A recent Pew Research Center analysis found that as of 2014 the immigration population in the Lone Star state stood at 4.5 million. Only California has a larger immigrant population, estimated to be at around 10.5 million in 2014.
California Home to Most Immigrants
Researchers added from about 1850 to 1970, the New York immigrant population stood head and shoulders above all others in terms of size, but by the 1980s the flood of immigrants heading out West to California began to surge.
In all, the top three immigrants states account for nearly half of the country’s entire population, with 25 percent of all immigrants residing in California and 11 percent each in New York and Texas.
The overwhelming share of the immigrant population living in California and Texas is reported to be from either Mexico and parts of Asia, while New York still boasts the most diverse immigrant population of all, including natives from the Caribbean, Asia, Europe, Canada, South America and Mexico.
Meanwhile, the top country of origin among immigrants in Texas has long proven to be Mexico. About one-in-ten immigrants over the age of five insist they only speak English at home in both Texas and California, compared to be about 25 percent of the New York population.
Researchers also found that immigrants residing in New York and California are much more likely to have lived in the U.S. longer than those in Texas.
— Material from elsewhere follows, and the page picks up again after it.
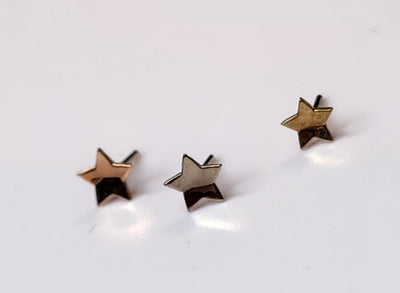 Curved star-shaped jewelry ends in yellow, rose and white gold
Overall, an average of 52 percent of those living in California or New York has legal citizenship, compared to 35 percent in Texas.
With so many immigrants now making Texas their home, the stakes stemming from local government officials recent move to sue the Obama administration over the president’s executive actions on immigration are particularly high.
Texas Sues Obama Administration Over Immigration Actions
The U.S. Supreme Court recently heard oral arguments in the case and is expected to render a decision sometime in early June.
Known as the Deferred Action for Parents of Americans and Lawful Permanent Residents (DAPA), the president’s actions would have paved the way for as many as four million undocumented people, living in the states with without authorization since 2010, to potentially remain in the U.S., without the fear of deportation, for three renewable years.